Meet Megan. She’s in her early 30s, single, and fairly stable in her career, although she may change employers.
Like most younger professionals we work with, Megan was unsure how to get started. She had a couple of previous company retirement accounts and a Roth IRA she started years ago. She had accumulated a sizable bank account but was unsure how to invest, especially after seeing her parents experience mixed results.
Integras Analysis
Our conversations determined that she was living within her means, but she needed a cash safety net (for unexpected events such as car repairs or job loss). She hopes one day to start a family and own a home. She contributes to her 401(k) but was unsure if she was contributing enough.
Recommendations
- Put some of the excess cash in her bank account into a high-yield savings account for emergency / unexpected expenses
- Allocate her remaining excess cash into two strategic accounts. First, a moderate account seeking 4% to 5% returns for goals in the next 3-5 years, such as purchasing a home. Then, a growth account seeking appreciation for longer-term goals before retirement age.

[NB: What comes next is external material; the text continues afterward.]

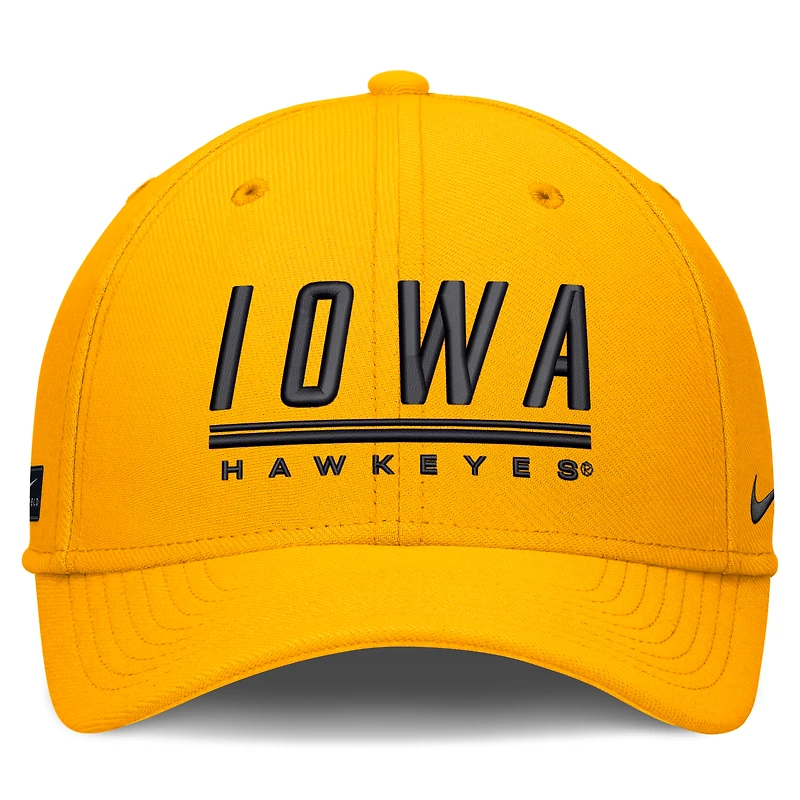 Casquette Nike Gold Iowa Hawkeyes Game Day Rise Swooshflex pour homme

- A modest increase to her 401(k), to better pave the path to future retirement. A 2% increase for someone earning $100K typically only lowers bi-weekly take-home pay by about $50.
- Open a Roth IRA
- Consolidate her former company plans to ensure she’s not losing track of these investments.
Results
With her “safety net” in place, Megan started an automatic bank draft of $100/month to her moderate account and is comfortable making monthly contributions to the Roth IRA. Besides tax-free growth, once you’ve owned a Roth for five years you can withdraw up to $10,000 without penalty towards a first-time home purchase! We consolidated her former company plans and helped allocate her current employer’s 401(k). Now, Megan’s retirement investments complement each other, and she has a track to meet her future retirement goal.